立春も過ぎた2月6日(日)の日中時点でも、酸ヶ湯(青森)で429センチ、津南(新潟)で346センチ、大都会札幌市でも133センチと記録的な積雪を観測している。
また、これらと比べると少なく見えるが、名神高速道路や新幹線が通る交通の要衝、関ヶ原(岐阜)の82センチは、観測史上最深の積雪だ。
日本の雪対策は進んでいるが……
日本は世界でも指折りの豪雪国で、そのため道路の雪対策も最も進んでいるといってよい。
例えばヨーロッパで冬に常時雪対策が必要なのは、ドイツ南部、フランス南東部、イタリア北部などのアルプス周辺の山岳地帯と北欧諸国、そして温暖なイメージがあるものの実際には冬の寒さが格別で積雪も少なくないスペインの内陸部あたりに限られる。

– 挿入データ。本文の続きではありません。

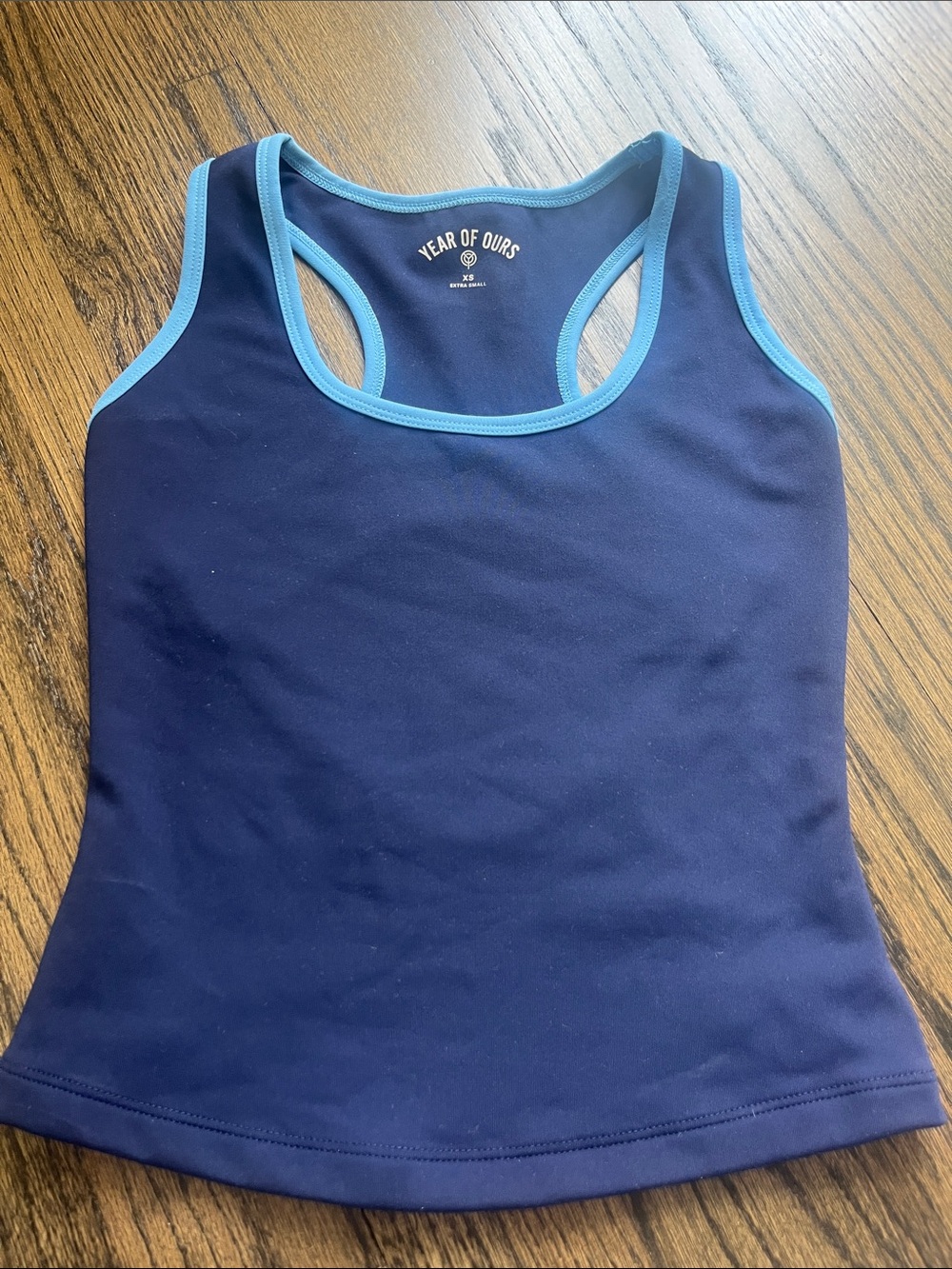 Year of Ours Navy Tank with Sky Blue Trim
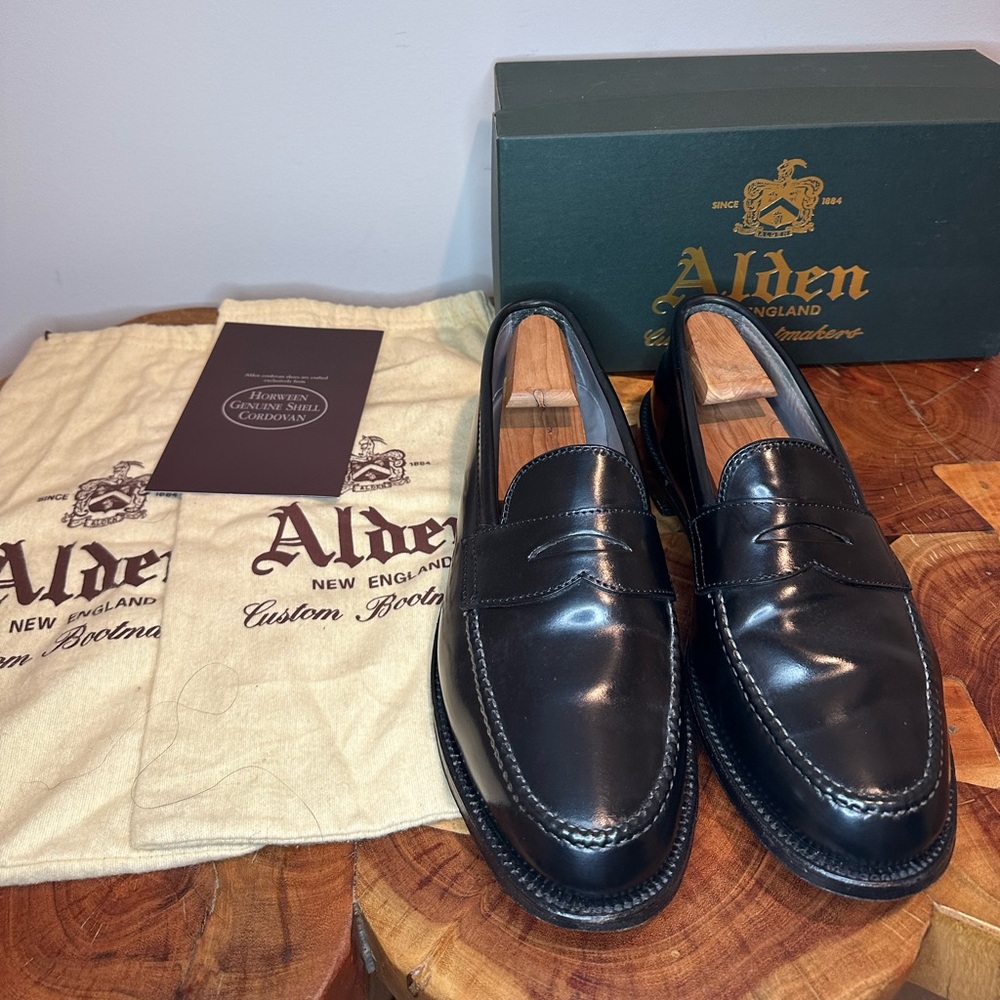 Alden Black Leather Loafers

これらの地域での雪対策は概して日本よりも大らかで、徹底的に融雪剤をまいたうえで、あとはスタッドレスタイヤ(近年は、オールシーズンタイヤ)で走ってくださいという感じだ。
日本以上に「スキーはマイカーで行く」が当たり前になっているヨーロッパの降雪地域では、スタッドレスタイヤやオールシーズンタイヤがかなり浸透している。そして、雪道でも多くの車は平気で100km/hをはるかに超えるスピードで飛ばしていく。